GitHub - SKaiNET-developers/SKaiNET: SKaiNET makes local AI practical for developers: simple to build with, multiplatform by design, and optimized for native performance without compromises.

For architecture details see ARCHITECTURE.md.

Start in 5 minutes

SKaiNET is a Kotlin Multiplatform AI framework. New here? Choose the path that matches what you want to try first.

Goal	Start here	Time
Run tensor operations	Quickstart (below)	2–5 min
Build and train a neural net	Hello Neural Net (below)	5 min
Run a local GGUF model	SKaiNET Transformers starter	5 min after model setup

Working in Java? SKaiNET ships first-class Java support — see the Java getting-started guide.

Use the version shown in this README as the source of truth for first-run snippets. If another page shows a different version, please open an issue or PR.

Quickstart

Add the core dependencies (Gradle Kotlin DSL):

dependencies {
    // Recommended: import the umbrella BOM and drop versions on the engine modules.
    implementation(platform("sk.ainet:skainet-bom:0.26.0"))

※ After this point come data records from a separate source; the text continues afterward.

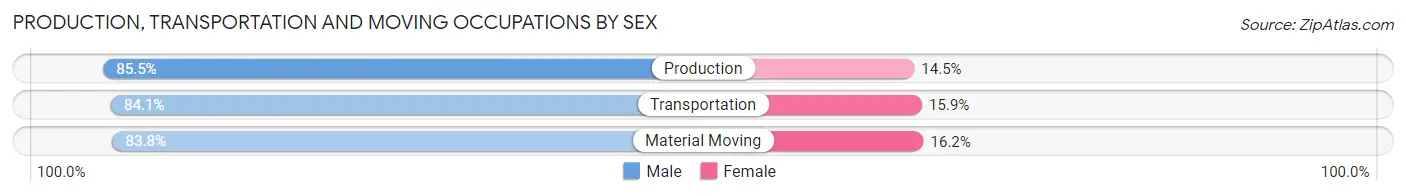 Production, Transportation and Moving Occupations by Sex in Heyburn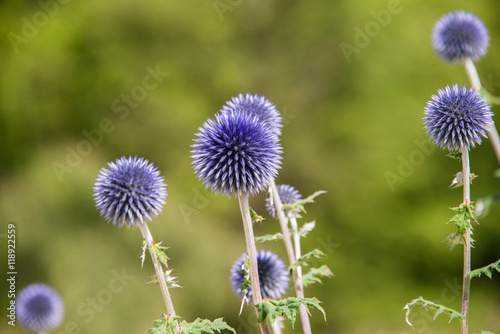 Bright blue echinops in a garden in England photo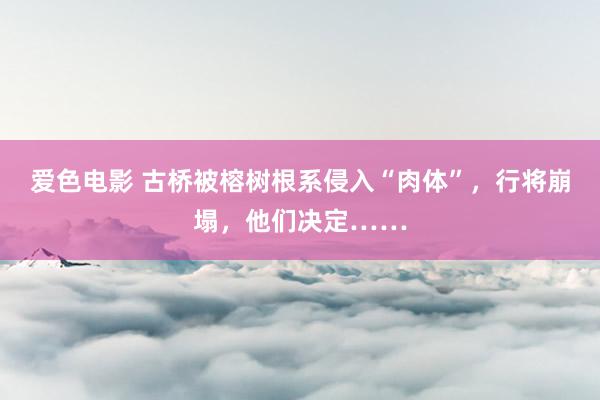 爱色电影 古桥被榕树根系侵入“肉体”，行将崩塌，他们决定……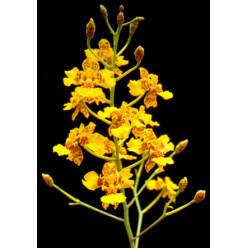 Dendro Oncidium 65cm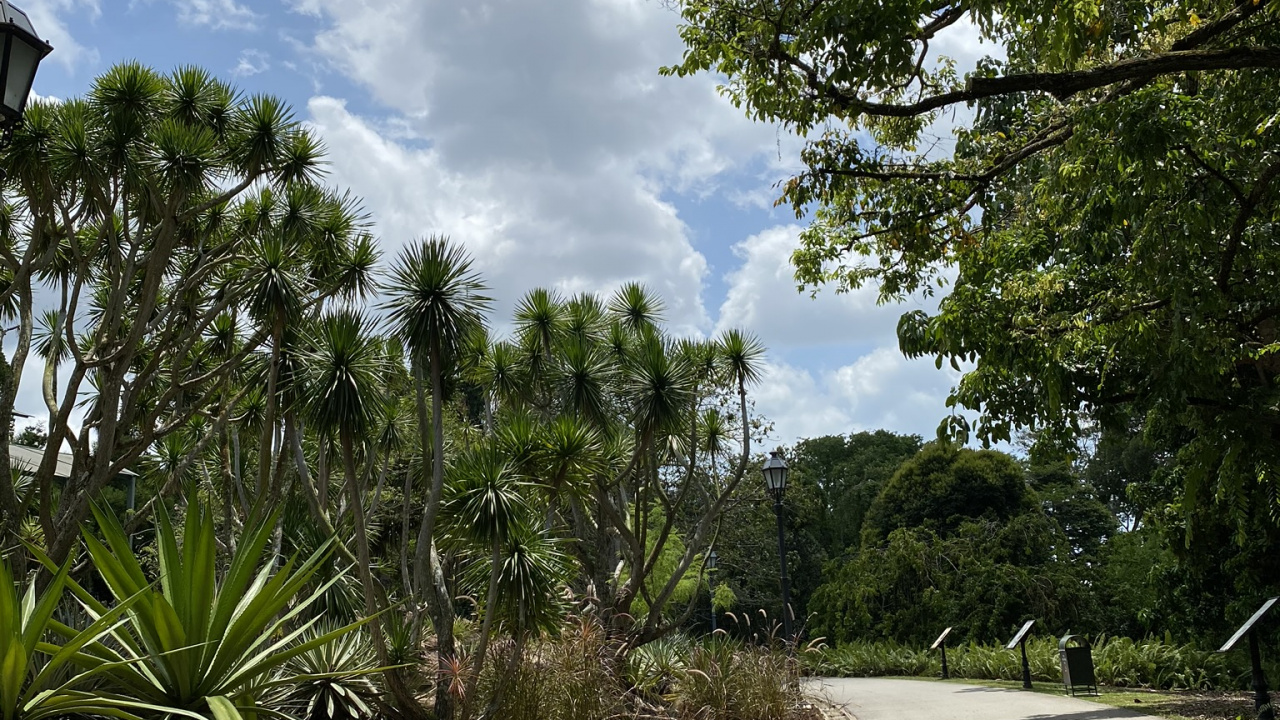 Обои растительность, пальмовые рощи, лист, растительное сообщество, дерево в разрешении 1280x720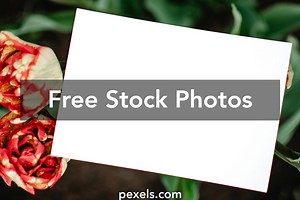 Free Plain Background For Photoshop Photos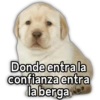 @Harley Stickers
Donde entra la
confianza entra
la berga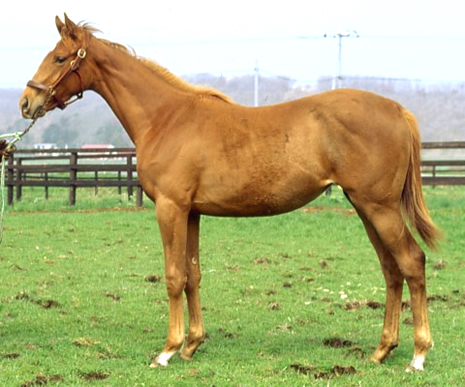 スウィートエルフ 募集カタログ1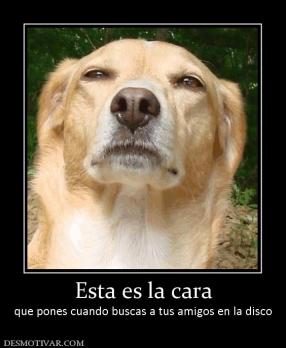 Esta es la cara que pones cuando buscas a tus amigos en la disco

    implementation("sk.ainet.core:skainet-lang-core")
    implementation("sk.ainet.core:skainet-backend-cpu")
}

The BOM was first correctly published to Maven Central in 0.22.2 — earlier versions shipped at the wrong coordinates and could not be imported. Pin versions directly if you need an older release.

Hello Neural Net

val model = nn {
    input(28 * 28)
    dense(out = 128)
    relu()
    dense(out = 10)
}

Core Tensor Ops

val a = tensor(shape(2, 2)) { float(1f, 2f, 3f, 4f) }
val b = tensor(shape(2, 2)) { float(5f, 6f, 7f, 8f) }

val c = a matMul b
val d = c.relu()

GGUF Model Loading

// Recommended: streaming reader — memory-efficient, supports quantized types
val source = JvmRandomAccessSource.open("model.gguf")
StreamingGGUFReader.open(source).use { reader ->
    println("Tensors: ${reader.tensorCount}")
    
    // Load specific tensor on demand (no whole-file loading)
    val bytes = reader.loadTensor("token_embd.weight")
    
    // Or get a TensorStorage descriptor with encoding/placement metadata
    val storage = reader.loadTensorStorage("token_embd.weight")
}

More examples: SKaiNET-examples | SKaiNET-notebook

Ecosystem

SKaiNET is a modular ecosystem. While this repository contains the core engine, specialized high-level libraries are maintained in standalone repositories:

Project	Description
SKaiNET-transformers	Pre-built transformer architectures and layers
SKaiNET-examples	Sample projects and integration demos

Explore

Goal	Start here
Examples and sample projects	SKaiNET-examples
Interactive notebooks	SKaiNET-notebook

Official Benchmarks

SKaiNET ships an official Phoronix-Test-Suite-compatible benchmark program for the compute engine. See the methodology and replay docs, the release manifest, and the CI workflow. Smoke runs fire on every PR via ubuntu-latest; full publishable runs fire on a self-hosted Linux x86 runner on release.

Quick local replay:

./gradlew :skainet-backends:benchmarks:jvm-cpu-publish:shadowJar
./scripts/run_engine_smoke.sh

Architecture goal

SKaiNET is built around one path: a model is defined once in the Kotlin DSL, then either compiled to native code or executed eagerly — without rewriting it.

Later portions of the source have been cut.